En premier lieu, l’intervention du tiers de confiance dans la création de la signature sécurisée est limitée à l’identification du comparant (à distance). Or, comme le dit très clairement l’article 1367 du Code civil, la signature a une double fonction : non seulement elle « identifie son auteur », mais elle « manifeste son consentement ». Aussi faut-il souligner que la signature sécurisée, en ce qu’elle vaut, comme toute signature, approbation du contenu de l’acte, est reçue par le seul notaire : c’est l’officier public et lui seul qui recueille le consentement des parties. C’est seulement sur le contrôle de l’identité du signataire que le décret organise le concours d’un technicien et d’un officier public.

En deuxième lieu, ce concours évoque celui qu’a organisé la loi n° 2015-177 du 16 février 2015 en prévoyant que le testament authentique d’un non-francophone peut être reçu avec l'assistance d’un interprète : d’un interprète de confiance naturellement, choisi sur une liste d’experts agréés par l’autorité judiciaire (C. civ., art. 972, al. 4). Or, dans les deux cas, l'intervention d’un technicien introduit dans la chaîne de l’authenticité un corps étranger dont il faut se demander si l'intrusion n’est pas de nature à fragiliser l’acte. S'agissant du testament, nul doute qu’un héritier exhérédé pourrait, sans s’inscrire en faux, soutenir que l’interprète a trahi la volonté du testateur. S'agissant de l'acte reçu par un notaire distant, la signature sécurisée d'une partie pourrait-elle être désavouée, sans recours à l'inscription de faux, par celui auquel on l'oppose ? Il faut ici distinguer (M. Grimaldi, « La signature électronique », JCP G, hors-série, déc. 2017, p. 29, n° 11). D’un côté, il est clair que la présomption de fiabilité attachée au procédé de signature qualifiée ne doit rien à l’intervention du notaire et doit donc pouvoir être combattue de la même façon que si la signature était employée pour signer un acte sous seing privé (étant observé qu’une telle contestation, au regard des précautions qui auront dû être prises par le tiers certificateur, aura, dans les faits, de bien maigres chances d’aboutir).
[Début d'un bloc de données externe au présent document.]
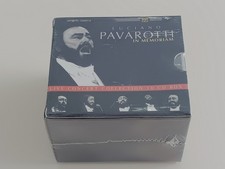 In Memoriam 1935-2007 by Luciano Pavarotti (10CD, 2007) Box Set picture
De l’autre, l’apposition de cette signature qualifiée, quelle qu’en soit la fiabilité intrinsèque, est bien constatée par le notaire, qui, selon les termes du décret, « recueille […] la signature électronique de chaque partie ». L’authenticité couvre donc, de son autorité probatoire, la déclaration que telle personne a signé – en l’occurrence électroniquement – l’acte notarié : la foi publique procède sur ce point et des vérifications opérées par l’officier public et de la fiabilité du système de communication et d’identification agréé par le notariat (v. supra, n° 4, 1).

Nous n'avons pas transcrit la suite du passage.